Confronting Myths About Closing Defined Benefit Plans

Evidence from Pension Reform in Michigan and Alaska

Can closing a defined benefit pension plan directly lead to the creation of unfunded liabilities? The question is an important one as policymakers consider the various options on the table for responding to the public sector pension crisis facing most states in America. Unfortunately, there are several predominant myths about the closing of defined benefit plans that are often repeated when this question is considered.

In a recent policy study, Truong Bui and I analyzed the actuarial experience of Michigan and Alaska since their respective pension reform efforts that closed defined benefit plans and replaced them with defined contribution plans for new hires. For each state, we forecast several counterfactual scenarios to determine what the level of unfunded liabilities in their pension plans would have been if pension reform had not been adopted.

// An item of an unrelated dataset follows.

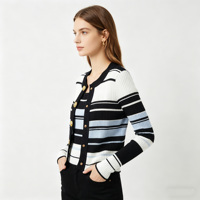 Ensemble tricoté rayé pour femme, ensemble deux pièces, élégant haut de gamme, gilet cardigan amincissant polyvalent.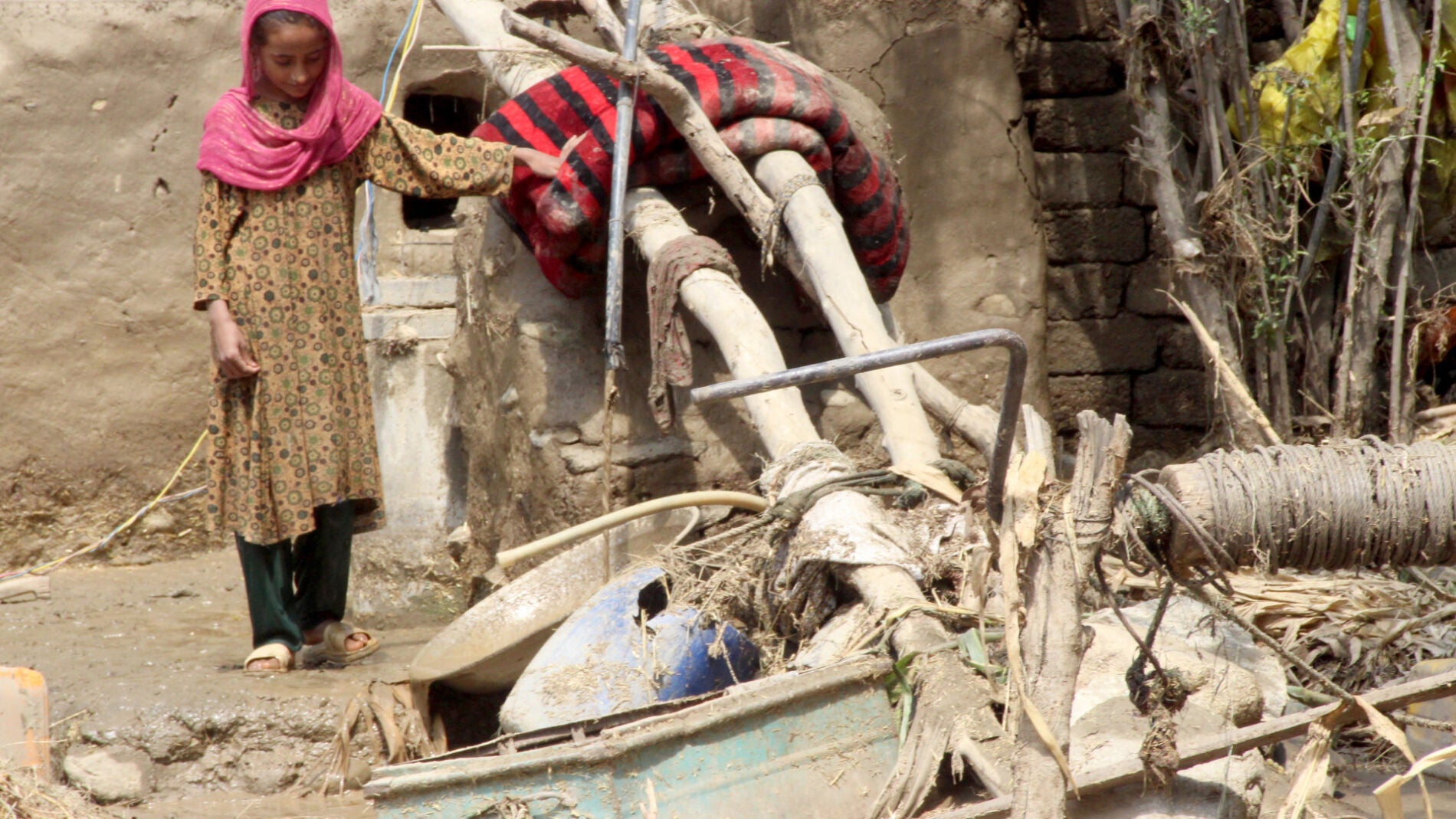 Al menos 61 muertos y 119 heridos por lluvias en Afganistán y ocho muertos por un terremoto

Across the board we find that closing defined benefit pension plans has made states more solvent than if they hadn’t adopted their respective reform efforts:

  • Michigan is more than $7 billion better off for closing the defined benefit tier of its general employee plan than without pension reform; and
  • Alaska is more than $4 billion better off for closing its two defined benefit plans because of reform.[1]

Our findings support the arguments others have made about the pension reform efforts; in particular that closing defined benefit plans has helped improve Alaska’s credit rating and saved Michigan taxpayers money. However, our paper also stands in contrast to analyses of Michigan and Alaska’s pension reform efforts that claim that closing the defined benefit plans has caused debt to rise in both states. These latter claims should be directly addressed and dismissed.

Myth: Unfunded liabilities increased in Michigan and Alaska after pension reform was adopted, therefore pension reform has been a failure.

Truth: There are many factors that have caused the growth of unfunded liabilities, but pension reform is not one of them; correlation of reform with debt growth does not necessarily mean reform caused debt growth.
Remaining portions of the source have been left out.